Cabinet is yet to approve the Guyana Sugar Corporation (GuySuCo) repurchasing its co-generation plant from the Guyana Power and Light’s Skeldon Energy Inc (SEI).
GuySuCo Chief Executive Officer (CEO) Paul Bhim told Guyana Times on Tuesday that no move has yet been made in this direction, since Government was still to make a decision.
Government had moved late last year to buy back the assets valued at some US$30 million, which were sold to the newly-formed SEI under the previous People’s Progressive Party/Civic (PPP/C) Government.
An aerial view of the Skeldon sugar factory in Berbice
The SEI, said to be owned by GPL and the National Industrial and Commercial Investments Limited (NICIL) and managed by Finnish Corporation Wärtsilä, was said to be created specifically for the transaction. The then PPP/C Cabinet had approved the sale as well as the Power Purchase Agreement (PPA) between GPL and GuySuCo. The sale was said to be an attempt to bail out the cash-strapped and struggling corporation at the time.

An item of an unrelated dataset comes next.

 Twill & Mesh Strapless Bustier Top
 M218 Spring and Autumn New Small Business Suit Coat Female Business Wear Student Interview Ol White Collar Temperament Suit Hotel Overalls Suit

Following the A Partnership for National Unity and Alliance For Change (APNU/AFC) ascension to office and with the launch of the Commission of Inquiry into the Sugar Corporation late last year, GuySuCo decided that it needed to take back its PPA and assets.
The power generating assets consist of three Wärtsilä power plants with an installed capacity of 10 megawatts (MW) and a co-generation bagasse plant with an installed capacity of 30MW. Under the PPA, which would have seen GPL purchasing most of the power from the SEI, Wärtsilä was to provide financing for the rehabilitation of the 10MW plant. The SEI Wärtsilä plant is expected to inherit the many benefits of the more than 20-year relationship Wärtsilä has enjoyed with GPL, such as discounts on spare parts, and proven advice as the company currently operates several bagasse and steam generating facilities internationally. “In consideration of the transfer of assets, GuySuCo will be paid a total of US$30 million. Additionally, SEI will supply power to GuySuCo at the same prices that GPL currently pays GuySuCo today,” it was stated.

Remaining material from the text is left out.